"Infuriating": Kayleigh McEnany fumes after historians rank Trump "dead last" in president survey

Former Trump press secretary erupted on Fox News over ex-boss' "highly questionable ranking"

Published February 20, 2024 12:03PM (EST)

Kayleigh McEnany, Former White House Press Secretary, visits "Hannity" with host Sean Hannity at Fox News Channel Studios on March 15, 2023 in New York City. (Roy Rochlin/Getty Images)
Kayleigh McEnany, Former White House Press Secretary, visits "Hannity" with host Sean Hannity at Fox News Channel Studios on March 15, 2023 in New York City. (Roy Rochlin/Getty Images)

Former Trump White House press secretary Kayleigh McEnany condemned a new "Presidential Greatness" survey conducted by American presidency experts that ranked former President Donald Trump in last place. 

“A new ranking — and I’m going to add, in my view a highly questionable ranking — of presidents is turning heads after Biden came in higher than both Donald Trump and Ronald Reagan,” McEnany told Fox News viewers on Monday. 
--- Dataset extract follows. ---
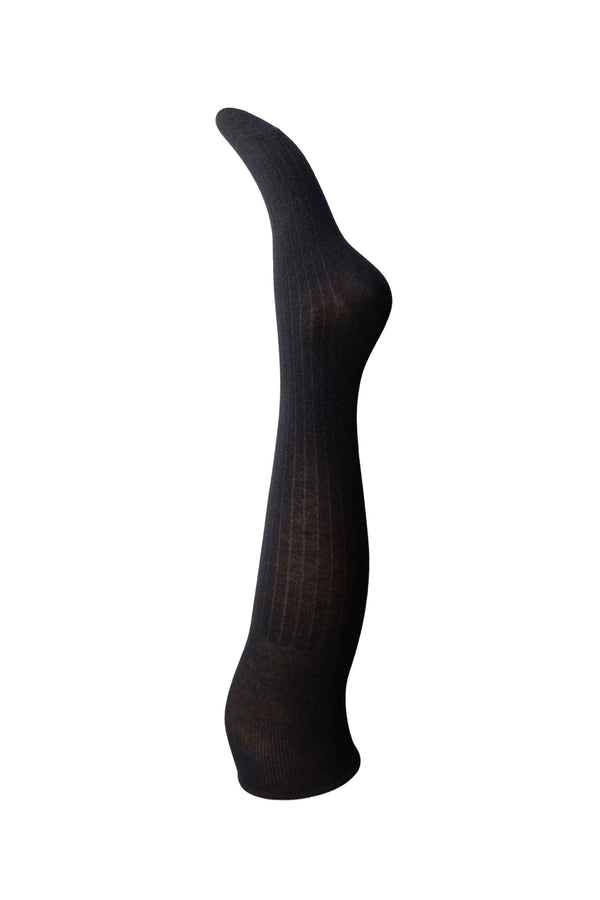 Black Colour Tatiana Knee Sock - Black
“The survey was done by the Presidential Greatness Project, who claim to be the foremost organization of social science experts in presidential politics. They may be the foremost example of the disconnect between ivory tower academia and real people,” McEnany said. “That aside, Abe Lincoln ranked first, okay, fair, then comes Obama at seventh and Biden came in fourteenth, actually beating Ronald Reagan who came in sixteenth, and Trump, dead last."

“This is infuriating in so many ways. 154 respondents, they are the ivory tower elites, who in no way represent the view of the American people,” McEnany added.
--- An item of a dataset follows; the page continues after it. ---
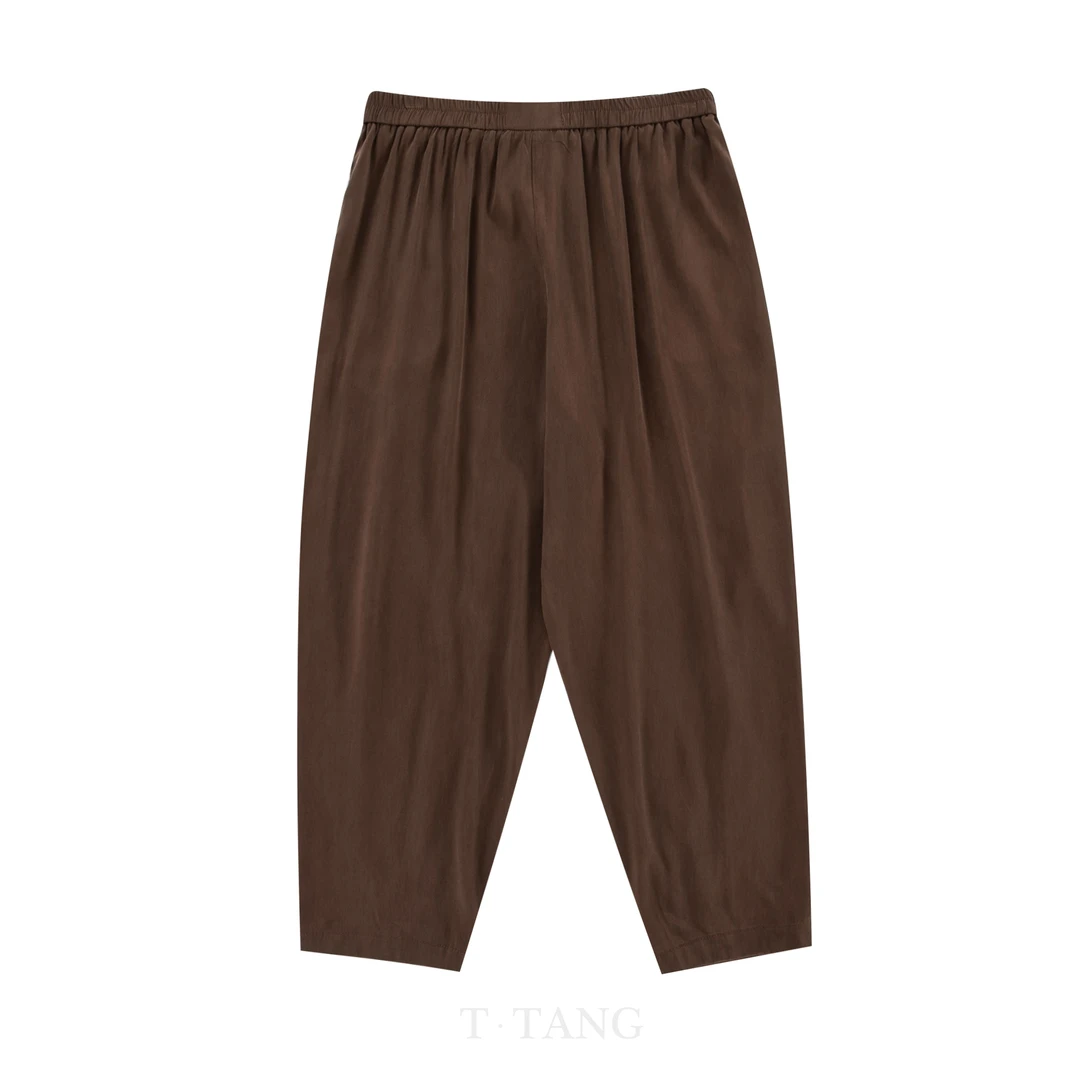 FL夏季女士舒适亲肤时尚百搭薄款9分休闲裤【2985】FF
As noted by The Hill, the 2024 Presidential Greatness Project Expert Survey was conducted from November 15 to December 31 and also factored partisan and ideological discrepancies among respondents — who included current and recent members of the Presidents & Executive Politics Section of the American Political Science Association — into their results. The experts claimed that these differences did not “tend to make a major difference overall" in how presidents ranked.